Ther uses the country as his prime example of “cotransformation,” whereby “‘East’ and ‘West’ are not inflexible units and that the states and societies within these wider areas have diversified both in relation to each other and internally.” He argues that this is emblematic of a larger European trend, and though the exposition on Germany is another strength of this book, beyond the occasional anecdote, the analysis of Western Europe is generally thin (though Ther does delve into the struggles of Southern Europe in more recent years). While Ther contends that he is writing a “historiography of neoliberalism” that “moves from East to West,” in fact most of it remains firmly focused on the East with the West serving as something like a controlled variable for gauging the East. In this way, and despite his best efforts, this remains something like a soft Occidentalism. It also means that the book’s title is slightly misleading, as the text does not comprehensively address all of Europe.
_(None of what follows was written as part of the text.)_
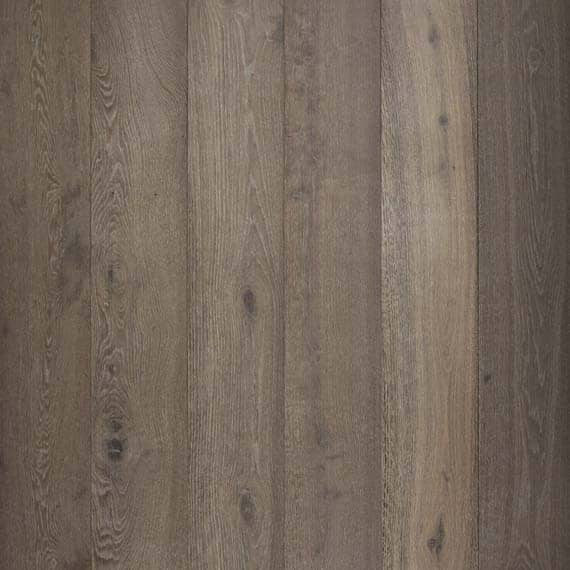 Truffle 15mm European Oak Flooring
That said, Ther’s depth and insights on the topics he does take on are impressive. It is clear the author is passionate about Central and Eastern Europe and the occasional references to his own recollections from travels in the region before, during, and after the collapse of communism give the book added personality. Ther, a professor at the University of Vienna, probably could have included even more of these without detracting from the book’s academic rigor. Though Ther clings to a direct writing style, there are a few places where something like a knowing sarcasm seeps through. “Berlin and Brussels may try to create a national and European identity on the basis of a myth of ‘peaceful revolution,’ but scholarly inquiry must go further,” he writes at one point. It is possible more of this comes across in the native German original, but as a leisurely reader, I would have enjoyed more charismatic flourishes like this.
Ther ends the book trying to spin things forward, a dangerous game for the historian but one that is unavoidable given the breakup of Europe’s post-89 consensus in recent years. Neoliberalism looks to be dead, but there is no general agreement on what comes next, and this leads to a schizophrenic approach. “While the German government is consolidating the welfare state internally, it is prescribing a debilitating austerity policy to Southern Europe,” Ther writes. Greece, Italy, Spain, and Portugal could benefit from a development plan comparable to the structural funds that have flowed into Central and Eastern Europe in recent decades, but there is little political ap- petite for providing such aid. Amid a crisis of political legitimacy and the splintering of mass parties, consolidating public opinion around a new way forward looks complicated. “But before the continent’s future is left to ‘the markets,’ the wealthier countries of Europe should conduct an open political debate about potential consequences,” Ther writes.
It is hard to recall any similar such debate occurring about neoliberalism, making it all the more important now. Though Mr. Michnik may well have been right that the average Pole in 1992 had little desire to learn about the long-term benefits of flexible labor markets or the intricacies of austerity, bypassing that discussion contributed to the rise of the Law and Justice party decades later. Today, it risks undoing the good of political and economic reforms along with the bad.
Such supreme confidence has bred plenty of unintended consequences, or as the American writer Mark Twain once put it: “It ain’t what you don’t know that gets you into trouble. It’s what you know for sure that just ain’t so.”